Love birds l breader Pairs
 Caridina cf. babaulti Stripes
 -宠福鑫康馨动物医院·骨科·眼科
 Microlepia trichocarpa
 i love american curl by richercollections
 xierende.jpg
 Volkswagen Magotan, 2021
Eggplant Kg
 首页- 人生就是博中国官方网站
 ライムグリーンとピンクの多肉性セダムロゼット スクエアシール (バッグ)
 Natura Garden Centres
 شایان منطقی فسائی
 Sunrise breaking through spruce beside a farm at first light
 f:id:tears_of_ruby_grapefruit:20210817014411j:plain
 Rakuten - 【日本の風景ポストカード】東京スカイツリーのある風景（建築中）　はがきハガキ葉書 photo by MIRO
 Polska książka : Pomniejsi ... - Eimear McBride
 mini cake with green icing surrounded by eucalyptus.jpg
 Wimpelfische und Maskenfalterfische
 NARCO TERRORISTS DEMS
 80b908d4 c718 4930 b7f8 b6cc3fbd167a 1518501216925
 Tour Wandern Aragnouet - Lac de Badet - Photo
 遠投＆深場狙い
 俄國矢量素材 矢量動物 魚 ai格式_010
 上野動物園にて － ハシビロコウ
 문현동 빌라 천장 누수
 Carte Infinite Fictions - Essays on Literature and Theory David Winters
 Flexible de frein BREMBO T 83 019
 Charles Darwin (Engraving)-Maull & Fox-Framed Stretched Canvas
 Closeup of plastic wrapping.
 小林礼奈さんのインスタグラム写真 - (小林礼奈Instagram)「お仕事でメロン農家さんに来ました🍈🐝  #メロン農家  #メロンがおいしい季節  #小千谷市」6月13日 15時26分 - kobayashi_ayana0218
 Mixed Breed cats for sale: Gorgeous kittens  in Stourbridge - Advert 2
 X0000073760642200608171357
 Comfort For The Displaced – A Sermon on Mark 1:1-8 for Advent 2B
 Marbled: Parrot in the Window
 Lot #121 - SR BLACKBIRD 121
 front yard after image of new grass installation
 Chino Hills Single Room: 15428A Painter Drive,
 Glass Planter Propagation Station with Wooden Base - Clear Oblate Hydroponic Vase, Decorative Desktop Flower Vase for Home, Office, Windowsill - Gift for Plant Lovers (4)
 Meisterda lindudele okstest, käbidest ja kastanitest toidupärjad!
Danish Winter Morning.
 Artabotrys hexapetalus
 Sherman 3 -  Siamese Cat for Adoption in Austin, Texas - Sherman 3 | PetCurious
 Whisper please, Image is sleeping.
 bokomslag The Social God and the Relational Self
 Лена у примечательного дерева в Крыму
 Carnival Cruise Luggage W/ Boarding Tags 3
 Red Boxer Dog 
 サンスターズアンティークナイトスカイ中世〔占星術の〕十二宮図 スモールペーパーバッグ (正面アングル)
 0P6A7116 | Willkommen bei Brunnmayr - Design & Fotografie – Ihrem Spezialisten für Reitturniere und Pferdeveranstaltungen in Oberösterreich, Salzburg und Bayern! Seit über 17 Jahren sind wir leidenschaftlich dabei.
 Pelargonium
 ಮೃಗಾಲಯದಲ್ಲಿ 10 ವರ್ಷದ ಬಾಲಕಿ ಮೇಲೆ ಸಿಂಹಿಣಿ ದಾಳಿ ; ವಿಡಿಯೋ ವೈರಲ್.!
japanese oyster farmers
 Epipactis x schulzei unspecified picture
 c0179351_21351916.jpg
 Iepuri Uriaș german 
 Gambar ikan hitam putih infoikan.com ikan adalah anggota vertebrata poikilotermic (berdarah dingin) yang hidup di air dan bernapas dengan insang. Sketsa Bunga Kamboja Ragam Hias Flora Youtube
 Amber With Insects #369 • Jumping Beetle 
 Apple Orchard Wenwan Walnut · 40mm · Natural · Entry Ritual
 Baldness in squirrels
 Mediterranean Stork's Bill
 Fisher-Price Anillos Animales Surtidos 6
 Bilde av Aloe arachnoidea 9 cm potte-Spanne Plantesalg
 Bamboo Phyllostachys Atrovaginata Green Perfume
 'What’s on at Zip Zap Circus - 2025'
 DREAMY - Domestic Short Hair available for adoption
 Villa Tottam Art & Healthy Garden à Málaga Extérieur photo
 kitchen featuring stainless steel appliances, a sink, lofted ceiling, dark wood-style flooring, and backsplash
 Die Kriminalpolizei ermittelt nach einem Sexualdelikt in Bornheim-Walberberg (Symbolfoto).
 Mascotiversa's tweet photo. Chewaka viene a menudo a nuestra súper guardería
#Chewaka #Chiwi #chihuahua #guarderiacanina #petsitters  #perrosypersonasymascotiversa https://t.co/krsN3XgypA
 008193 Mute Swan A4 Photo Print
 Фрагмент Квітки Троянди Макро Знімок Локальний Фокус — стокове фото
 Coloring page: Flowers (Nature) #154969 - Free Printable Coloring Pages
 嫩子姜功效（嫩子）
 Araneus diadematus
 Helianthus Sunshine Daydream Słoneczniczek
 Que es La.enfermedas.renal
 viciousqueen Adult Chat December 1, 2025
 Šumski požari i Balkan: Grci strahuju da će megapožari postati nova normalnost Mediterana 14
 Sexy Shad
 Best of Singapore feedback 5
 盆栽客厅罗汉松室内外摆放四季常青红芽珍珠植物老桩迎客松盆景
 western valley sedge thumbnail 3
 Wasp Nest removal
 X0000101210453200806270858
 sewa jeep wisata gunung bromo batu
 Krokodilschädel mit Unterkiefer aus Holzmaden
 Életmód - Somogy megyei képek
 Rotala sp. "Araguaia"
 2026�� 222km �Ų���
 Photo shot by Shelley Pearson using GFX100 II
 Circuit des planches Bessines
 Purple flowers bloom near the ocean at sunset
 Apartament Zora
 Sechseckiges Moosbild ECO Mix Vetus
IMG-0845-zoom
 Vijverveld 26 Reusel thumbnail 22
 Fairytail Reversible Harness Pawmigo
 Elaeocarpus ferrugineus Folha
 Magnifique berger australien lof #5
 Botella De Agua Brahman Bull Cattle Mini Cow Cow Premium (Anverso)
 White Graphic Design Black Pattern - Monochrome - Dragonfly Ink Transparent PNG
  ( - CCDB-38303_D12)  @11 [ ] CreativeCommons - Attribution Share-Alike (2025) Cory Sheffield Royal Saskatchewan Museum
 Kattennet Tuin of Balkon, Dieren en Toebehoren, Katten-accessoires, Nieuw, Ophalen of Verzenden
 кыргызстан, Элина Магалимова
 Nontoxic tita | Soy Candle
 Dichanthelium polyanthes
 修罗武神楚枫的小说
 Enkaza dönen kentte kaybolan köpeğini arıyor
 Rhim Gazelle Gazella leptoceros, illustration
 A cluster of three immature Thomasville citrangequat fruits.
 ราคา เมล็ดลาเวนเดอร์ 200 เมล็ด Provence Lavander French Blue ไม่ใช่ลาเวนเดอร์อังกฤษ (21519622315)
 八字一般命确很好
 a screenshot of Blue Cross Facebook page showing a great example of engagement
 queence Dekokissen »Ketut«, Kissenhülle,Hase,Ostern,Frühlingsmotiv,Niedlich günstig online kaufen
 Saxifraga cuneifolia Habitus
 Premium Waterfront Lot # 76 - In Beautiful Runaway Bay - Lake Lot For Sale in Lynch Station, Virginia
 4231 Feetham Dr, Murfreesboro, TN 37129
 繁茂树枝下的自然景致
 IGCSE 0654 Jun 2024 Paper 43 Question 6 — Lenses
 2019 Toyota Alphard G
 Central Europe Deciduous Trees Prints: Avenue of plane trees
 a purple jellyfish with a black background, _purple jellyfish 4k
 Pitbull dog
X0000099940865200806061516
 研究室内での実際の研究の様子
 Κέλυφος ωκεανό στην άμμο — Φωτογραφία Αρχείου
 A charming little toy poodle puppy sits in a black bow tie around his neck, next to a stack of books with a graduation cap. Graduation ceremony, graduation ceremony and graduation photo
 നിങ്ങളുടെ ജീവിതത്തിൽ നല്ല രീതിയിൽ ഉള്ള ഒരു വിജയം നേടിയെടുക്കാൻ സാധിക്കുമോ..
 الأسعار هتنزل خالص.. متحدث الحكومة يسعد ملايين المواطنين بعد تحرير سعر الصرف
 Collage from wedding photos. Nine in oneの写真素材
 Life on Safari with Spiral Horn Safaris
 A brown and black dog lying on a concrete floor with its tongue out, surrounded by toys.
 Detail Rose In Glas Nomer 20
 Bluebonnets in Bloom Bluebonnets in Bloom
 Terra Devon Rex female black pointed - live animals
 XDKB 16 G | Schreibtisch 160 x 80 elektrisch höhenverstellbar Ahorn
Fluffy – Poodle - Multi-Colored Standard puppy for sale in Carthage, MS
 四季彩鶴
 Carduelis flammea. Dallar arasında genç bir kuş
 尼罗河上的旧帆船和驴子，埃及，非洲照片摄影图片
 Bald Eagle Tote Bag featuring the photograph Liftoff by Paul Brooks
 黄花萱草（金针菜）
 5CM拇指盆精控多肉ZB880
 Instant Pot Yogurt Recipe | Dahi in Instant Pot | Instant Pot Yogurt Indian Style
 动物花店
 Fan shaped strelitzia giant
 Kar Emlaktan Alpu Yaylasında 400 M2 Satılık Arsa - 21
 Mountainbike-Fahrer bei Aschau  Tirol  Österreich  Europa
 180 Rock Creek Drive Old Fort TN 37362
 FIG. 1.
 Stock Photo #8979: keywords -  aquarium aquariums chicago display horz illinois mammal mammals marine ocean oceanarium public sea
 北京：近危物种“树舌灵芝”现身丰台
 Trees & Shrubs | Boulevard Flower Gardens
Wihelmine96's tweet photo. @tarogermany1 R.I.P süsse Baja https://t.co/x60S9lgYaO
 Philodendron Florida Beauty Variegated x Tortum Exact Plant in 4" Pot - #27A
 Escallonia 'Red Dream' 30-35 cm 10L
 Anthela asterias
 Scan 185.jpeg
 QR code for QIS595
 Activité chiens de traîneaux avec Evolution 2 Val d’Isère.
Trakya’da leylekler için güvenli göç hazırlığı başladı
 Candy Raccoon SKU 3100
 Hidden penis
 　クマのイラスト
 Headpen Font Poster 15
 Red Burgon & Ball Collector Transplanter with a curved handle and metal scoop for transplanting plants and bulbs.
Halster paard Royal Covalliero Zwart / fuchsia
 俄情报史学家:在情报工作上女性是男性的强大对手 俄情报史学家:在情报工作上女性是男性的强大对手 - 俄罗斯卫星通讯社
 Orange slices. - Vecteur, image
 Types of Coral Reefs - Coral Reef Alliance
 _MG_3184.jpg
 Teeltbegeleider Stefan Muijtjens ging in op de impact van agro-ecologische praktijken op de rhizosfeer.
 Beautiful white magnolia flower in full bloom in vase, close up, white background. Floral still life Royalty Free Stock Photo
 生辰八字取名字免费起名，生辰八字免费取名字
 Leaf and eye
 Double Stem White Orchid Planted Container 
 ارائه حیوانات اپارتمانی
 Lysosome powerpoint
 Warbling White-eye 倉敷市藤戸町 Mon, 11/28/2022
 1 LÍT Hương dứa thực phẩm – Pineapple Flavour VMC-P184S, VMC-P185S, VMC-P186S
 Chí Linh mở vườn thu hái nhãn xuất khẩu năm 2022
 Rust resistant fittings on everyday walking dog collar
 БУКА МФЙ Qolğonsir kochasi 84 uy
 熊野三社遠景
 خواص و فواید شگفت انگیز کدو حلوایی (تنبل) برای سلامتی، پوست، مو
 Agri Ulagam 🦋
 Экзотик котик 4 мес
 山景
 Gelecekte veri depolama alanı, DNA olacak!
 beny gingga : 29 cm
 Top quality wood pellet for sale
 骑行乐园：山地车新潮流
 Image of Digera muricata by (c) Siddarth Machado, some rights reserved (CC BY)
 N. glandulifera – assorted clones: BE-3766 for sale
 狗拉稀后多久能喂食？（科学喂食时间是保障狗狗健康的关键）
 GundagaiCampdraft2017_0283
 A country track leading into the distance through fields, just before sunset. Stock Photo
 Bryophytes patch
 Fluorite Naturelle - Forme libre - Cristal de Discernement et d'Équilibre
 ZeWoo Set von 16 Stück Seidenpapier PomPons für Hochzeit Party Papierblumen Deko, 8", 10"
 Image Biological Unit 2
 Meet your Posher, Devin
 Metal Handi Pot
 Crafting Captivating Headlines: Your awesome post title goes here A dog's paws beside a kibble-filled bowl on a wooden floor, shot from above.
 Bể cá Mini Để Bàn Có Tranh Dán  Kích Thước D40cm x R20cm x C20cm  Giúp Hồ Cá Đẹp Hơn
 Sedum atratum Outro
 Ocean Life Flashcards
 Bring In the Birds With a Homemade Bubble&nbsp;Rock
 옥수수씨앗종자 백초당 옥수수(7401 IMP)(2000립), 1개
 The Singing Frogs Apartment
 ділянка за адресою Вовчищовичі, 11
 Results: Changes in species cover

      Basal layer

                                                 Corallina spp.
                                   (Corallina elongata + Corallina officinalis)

━━━━━━━━━━━━━━━━━━━━━━━━━━━━━━

• WORK ORDER
Reproduce exactly, and only, the part of the listing above that begins at the line with "Tour Wandern Aragnouet" and goes on through the line with "Comfort For The".

• RESULT FOR THIS TASK
 Tour Wandern Aragnouet - Lac de Badet - Photo
 遠投＆深場狙い
 俄國矢量素材 矢量動物 魚 ai格式_010
 上野動物園にて － ハシビロコウ
 문현동 빌라 천장 누수
 Carte Infinite Fictions - Essays on Literature and Theory David Winters
 Flexible de frein BREMBO T 83 019
 Charles Darwin (Engraving)-Maull & Fox-Framed Stretched Canvas
 Closeup of plastic wrapping.
 小林礼奈さんのインスタグラム写真 - (小林礼奈Instagram)「お仕事でメロン農家さんに来ました🍈🐝  #メロン農家  #メロンがおいしい季節  #小千谷市」6月13日 15時26分 - kobayashi_ayana0218
 Mixed Breed cats for sale: Gorgeous kittens  in Stourbridge - Advert 2
 X0000073760642200608171357
 Comfort For The Displaced – A Sermon on Mark 1:1-8 for Advent 2B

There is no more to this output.